The Louvre version was examined by X-ray earlier, and revealed its own hidden compositions: an earlier state in which the Virgin appears to be in a different posture, one hand possibly holding a child and the other outstretched. Some researchers believe Leonardo's original intention for the first version was an Adoration of the infant Jesus – a conventional subject – before he redirected the composition toward the enigmatic scene we now know.
"The newly discovered drawings were made using materials that contained zinc, enabling them to be seen in macro X-ray fluorescence maps. In the first composition, the angel holds the infant Christ much more tightly, and both figures are positioned higher."
Artsy, reporting on National Gallery research, 2019The Angel's
Face
Three preparatory drawings survive for the angel in the Louvre version: a study for the head, a study of the drapery while kneeling, and a copy of a study for the pointing hand. These are held in the Royal Windsor Collection and the Biblioteca Reale in Turin. They record a care for the angel's face and pose that goes beyond the requirements of compositional planning.
The angel in the Louvre version – the one who meets your eyes while pointing at John – has long attracted attention for a quality of intimacy that is difficult to categorise. The smile is not the Virgin's smile. It is knowing in a different register: personal, directed, almost conspiratorial. Some art historians, noting Leonardo's close relationship with his apprentice Gian Giacomo Caprotti – nicknamed Salai, "little devil," taken into Leonardo's household at the age of ten and remaining with him for twenty-five years – have suggested that Salai was the model for this figure.
If that reading holds, the angel who gazes directly at the viewer from within this contested, doctrinally freighted, legally disputed masterpiece is the face of Leonardo's most intimate companion – looking out at us from inside a painting about divine grace, bearing an expression that is neither wholly reverent nor wholly secular, pointing at something whose meaning the painter never explained.
The London version removes this gaze.

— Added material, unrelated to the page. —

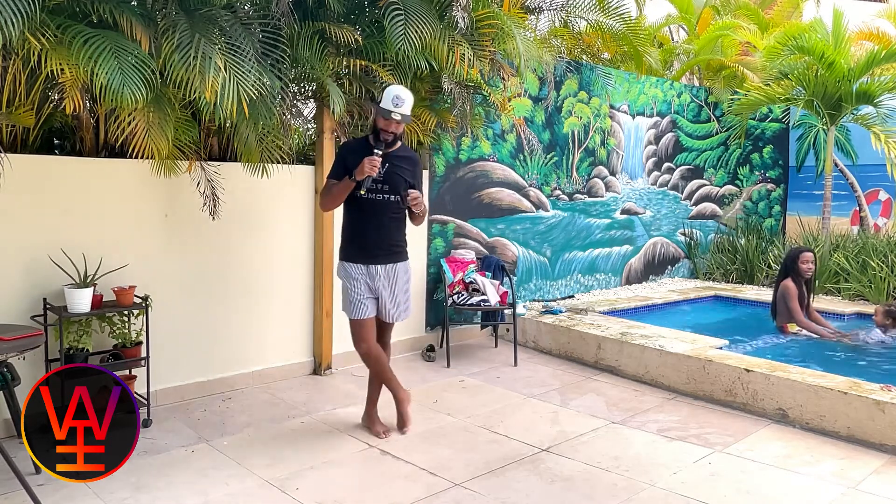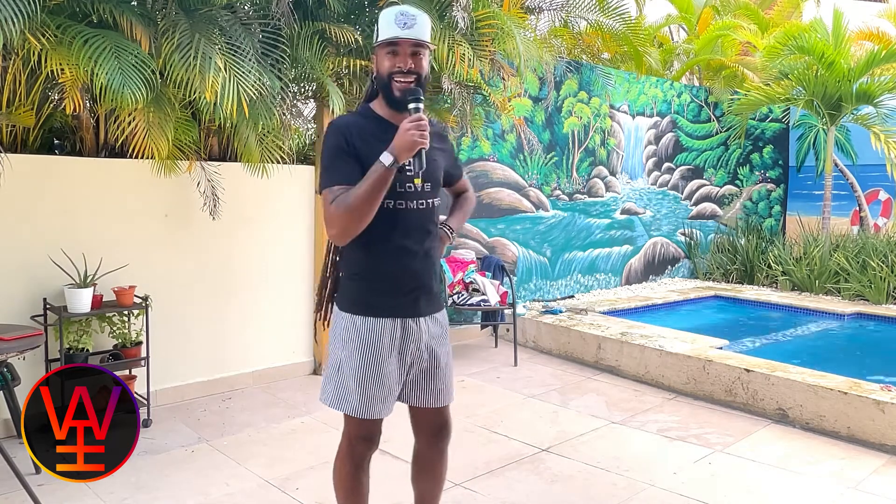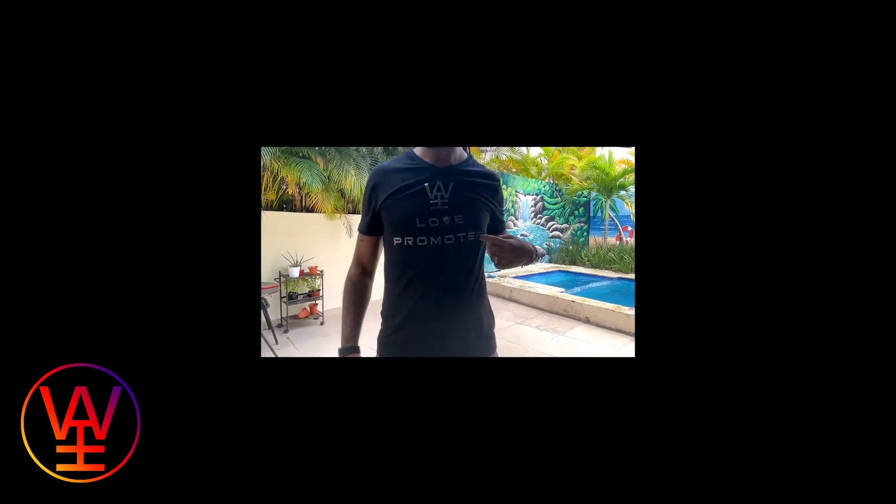Thank you so much. Continue to listen to my podcast, my radio show — El Teteo con Watata por Latino Mix a las 3 de la tarde, de lunes a viernes. Ya tu sabe. Oh, baby! Y nos vemos. Anyways, my people, thank you for the love. Y nos vemos por ahí en la ruta. Remember to visit my Patreon too, so I can continue to make delicious music and more delicious content for you guys. Nos vemos en la próxima. Watata! Out!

The angel looks down. Whatever that look contained, it was edited out.
What Remains
Unresolved
After five centuries of scholarship, scientific imaging, archival recovery, geological analysis, botanical identification, and iconographic debate, the Virgin of the Rocks retains its core mysteries with complete composure.
We do not know why Leonardo deviated so substantially from his brief. We do not know whether the deviation was a private theological position, a deliberate provocation, a negotiated revision, or simply the consequence of an artist who knew that what he wanted to paint was more interesting than what he had been asked for. We do not know who the pointing angel is looking at or why the gesture was removed. We cannot be certain which child is which without the attributes Leonardo withheld. We cannot confirm whether the geological precision of the grotto was a devotional act, a scientific one, or both.
We do not know who, in the end, the Louvre painting was painted for. Marani's best guess is Ludovico Sforza. The first certain record of it places it in the French royal collection in 1625. The intervening decades are silence.
What we have are two paintings of the same subject, created by the same hand across twenty-five years, the first of which may encode a private argument about geology and time, the second of which may record the corrections required to make the first one doctrinally acceptable. Between them is a pointing finger that was deemed important enough to plan carefully and important enough, later, to remove entirely.
Leonardo left no account of any of this. His notebooks contain landscapes, anatomy, engineering drawings, water studies, and investigations into the properties of light. They do not contain an explanation of the Virgin of the Rocks. Whatever he was thinking, he thought it in paint.